EXERCISE INSTRUCTIONS: Restate exactly, and only, the lines from the one with "Vacation – Top" through the end of the data, with both of those end lines kept. Drop any pictures.

RECORDED DATA:

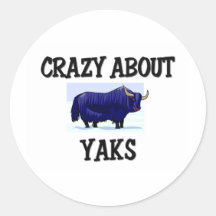 Crazy About Yaks Round Sticker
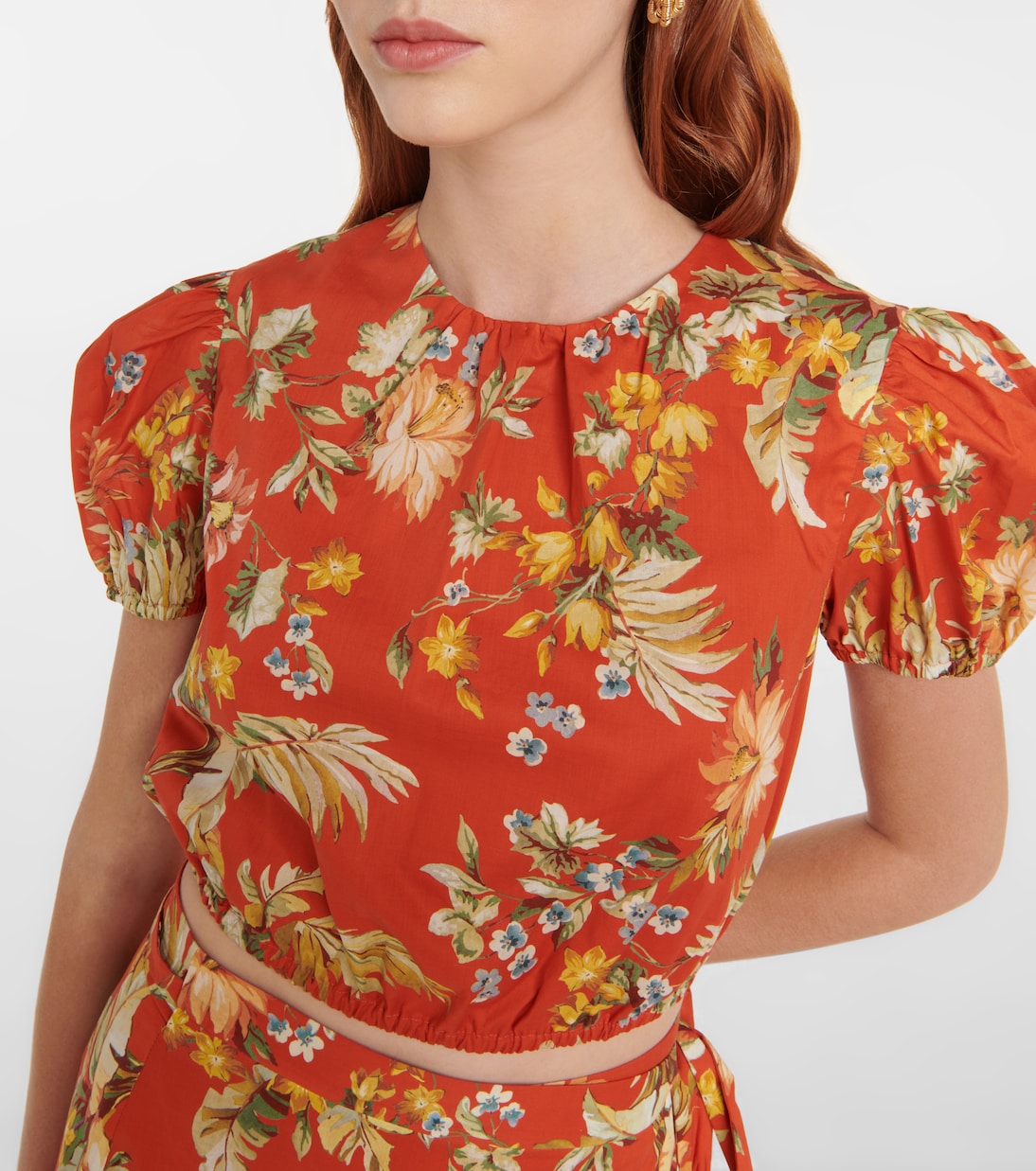 Vacation – Top raccourci Hydra en coton à fleurs | Erdem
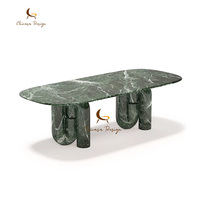 Table à manger de luxe en marbre vert massif de qualité supérieure pour 6 personnes, idéale pour hôtel, restaurant, villa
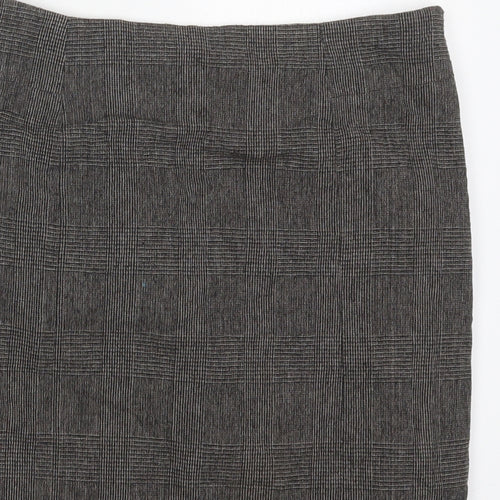 Jigsaw Womens Grey Check Wool Straight & Pencil Skirt Size 12   Zip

RESULT OF THE EXERCISE:
 Vacation – Top raccourci Hydra en coton à fleurs | Erdem
 Table à manger de luxe en marbre vert massif de qualité supérieure pour 6 personnes, idéale pour hôtel, restaurant, villa
 Jigsaw Womens Grey Check Wool Straight & Pencil Skirt Size 12   Zip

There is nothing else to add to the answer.